From Tax Flight to Economic Growth: Jonathan Williams on American Radio Journal

Economics isn’t guesswork. Incentives drive behavior, and when government takes less, people produce more.

As Washington, DC hums with debate overextending the Tax Cuts and Jobs Act of 2017 — the Trump tax cuts — and slashing wasteful spending through the Department of Government Efficiency (DOGE), we have an incredible opportunity to rethink the size and scope of the federal government in the lives of everyday Americans. Meanwhile, the states lay bare the choices: fiscal discipline paired with tax relief or reckless spending capped by tax hikes. The results aren’t random. Economics rewards the prudent and punishes the profligate.

Look at Maryland, practically in Washington, DC’s shadow, where Governor Wes Moore and the legislature face a $3 billion deficit — a self-inflicted wound from overspending after years of budget surpluses under Republican Governor Larry Hogan. Their remedy? Tax increases. Moore wants to hike the top income tax rate which, with local taxes included, could reach a whopping 9.7% — near the nation’s highest. He’s also pushing a 2.5% tax on business services and so-called combined reporting, forcing businesses to report nationwide earnings to Maryland’s tax authorities. This isn’t clever — it’s a stick-up. Businesses and workers don’t wait around to be fleeced; they leave. Maryland’s competitiveness fades, and its budget gap widens as taxpayers vanish.
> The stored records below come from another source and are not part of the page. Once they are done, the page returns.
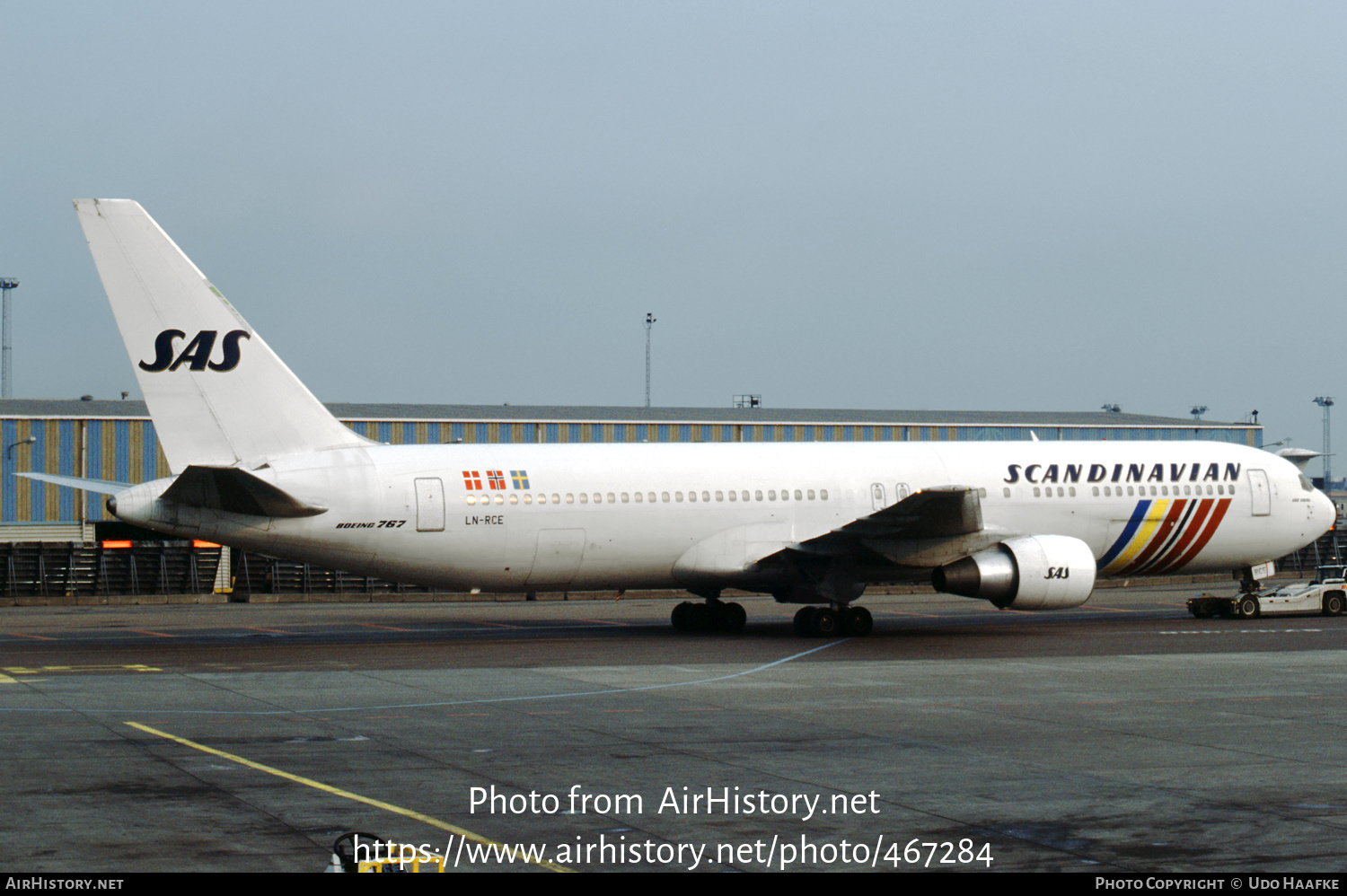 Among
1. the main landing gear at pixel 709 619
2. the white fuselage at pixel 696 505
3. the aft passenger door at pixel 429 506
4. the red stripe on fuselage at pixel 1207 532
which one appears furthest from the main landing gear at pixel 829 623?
the red stripe on fuselage at pixel 1207 532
On the West Coast, Washington State confronts a $16 billion shortfall over four years. A 2022 capital gains tax was pitched as a fix. Instead, it drove wealth out. Jeff Bezos fled to tax-free Florida, saving $1 billion in the process. Washington once knew better. Post-2001 recession, Governor Gary Locke tackled a $2.4 billion deficit without tax hikes, cutting waste and sharpening priorities. Now, Governor Jay Inslee peddles a wealth tax and business levies. A state that once boomed with opportunity now leaks residents. Its policies have become a master class in decline unfortunately.
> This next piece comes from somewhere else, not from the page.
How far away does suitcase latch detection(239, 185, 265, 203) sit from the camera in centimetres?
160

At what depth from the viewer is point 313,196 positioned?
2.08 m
Elsewhere, states like Maine and New Jersey lean on excise taxes on firearms, tobacco, alcohol, and gaming to patch budgets. One particularly concerning example comes from the Buckeye State, where Ohio’s Governor Mike DeWine wants to double the sports betting tax from 20% to 40%. When lawmakers in Ohio legalized sports betting and taxed it at a 10% rate back in 2022, it was meant to kick-start the industry. But now, Governor DeWine is squeezing again. Jumping from 10% to 40% taxes is not a strategy — it’s government greed, plain and simple. People avoid these taxes by betting in unregulated offshore markets, cutting back, or bolting. Revenue stays shaky, but the mirage persists. This time, the tax increase is sold to help Cleveland pay for a new football stadium. Taking a step back, real conversations need to be had around the idea of governments funding professional sports stadiums owned by billionaire owners. That needs to be a real conversation across the states before taxpayers are asked to pay more.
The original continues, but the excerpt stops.